BANKING giant HSBC has said it more than doubled half-year profits to £7 billion as the furore grows over the industry’s support for business.

The pressure on banks to show they are freeing up credit is unlikely to ease as HSBC’s performance meant UK players including Lloyds TSB, Barclays and RBS are on course to report a combined half-year profits haul in excess of £10bn this week.

HSBC, which generates a large slice of its profits from emerging markets, increased profits by 121% year-on-year in the first six months of 2010, or 34% to £6.3bn on an underlying basis.

The UK side of the business saw underlying profits rise 23% to £593m.

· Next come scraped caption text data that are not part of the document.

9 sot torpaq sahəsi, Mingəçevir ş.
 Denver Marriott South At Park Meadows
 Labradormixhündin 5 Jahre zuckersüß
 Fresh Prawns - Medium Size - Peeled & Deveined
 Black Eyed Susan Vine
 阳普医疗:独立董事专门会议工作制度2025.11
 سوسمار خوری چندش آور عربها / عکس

The global results were helped by a sharp fall in bad debts, which dropped to their lowest level since the financial crisis, according to HSBC.

The leap in profits came despite a drop in trading revenues at its investment banking division, which was hit by “exceptional” stock market volatility in the second quarter of the year. The results followed a warning from Chancellor George Osborne that banks had an “economic obligation” to lend to businesses.

Business Secretary Vince Cable has called for dividends and bonuses to be targeted in a “carrot and stick” approach to boost lending to cash- strapped small firms.

HSBC risked stoking anger further by revealing a 39% hike in staff pay and bonuses at its Global Banking and Markets (GBM) division, to £1.6bn since the end of 2009.

It set aside total pay and benefits of $9.8bn (£6.2bn) across the group – up 7% on a year earlier. Michael Geoghegan, HSBC group chief executive, said the bank was braced for “intense public and political scrutiny”.

He added that the banking sector and regulators had a “responsibility” to take the next steps to free up the flow of credit and support the wider economy.

Lending was up 4% across all regions since the end of last year, and HSBC said demand for credit among businesses had increased, despite recent suggestions from the sector that there is a lack of appetite for borrowing.